Capri Cafaro continues to self-finance her political campaign.
By DAVID SKOLNICK
VINDICATOR POLITICS WRITER
YOUNGSTOWN -- She doesn't hold a congressional seat and can't run for one until next year, but Capri Cafaro's political campaign spent more money during the first three months of this year than any U.S. House member who represents the Mahoning and Shenango valleys.
Through March 31, Cafaro, a millionaire shopping heiress, spent $91,314 as she prepares for a 2006 rematch with U.S. Rep. Steven C. LaTourette, a Concord Republican who represents the 14th Congressional District.

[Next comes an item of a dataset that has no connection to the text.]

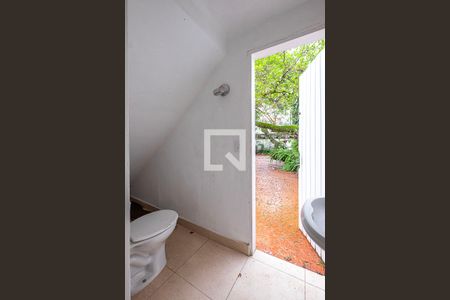 Casa à venda com 439m², 3 quartos e 5 vagas Casa à venda com 439m², 3 quartos e 5 vagasEdícula - Banheiro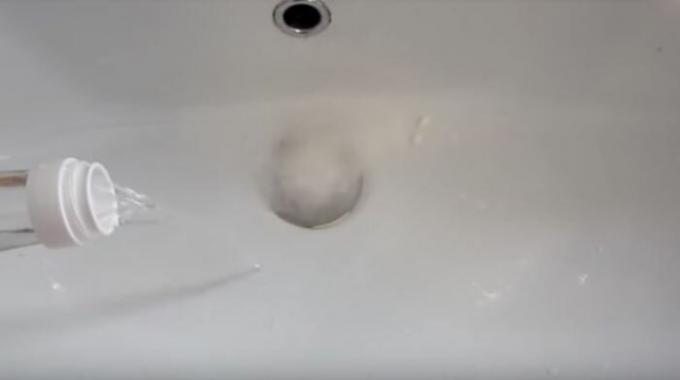 Ako rýchlo vyčistiť umývadlo, keď voda prestala prísť nazmar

Cafaro's most recent report filed with the Federal Election Commission for the first quarter shows she loaned $94,551 to her campaign preparing for the 2006 election, or 97 percent of her campaign's total revenue during that period.
Most of that money went to media and field consulting, for legal and accounting services, and to pay the salaries of 11 campaign staff members.
Cafaro had $7,630 on hand as of March 31. A Liberty native, she lists a Chagrin Falls address on her most recent FEC financial report.
LaTourette beat Cafaro, a Democrat, by a nearly 2-to-1 margin in last year's general election, the most expensive U.S. House race in Ohio.
During that campaign, Cafaro raised $1.98 million, including $1.74 million of her own money, spending nearly all of it. She also accumulated $2.05 million in debt, about half of it owed to herself.
LaTourette PAC money
LaTourette spent $2.35 million on his 2004 campaign. As he did during his previous five congressional runs, LaTourette didn't contribute any of his own money to last year's race.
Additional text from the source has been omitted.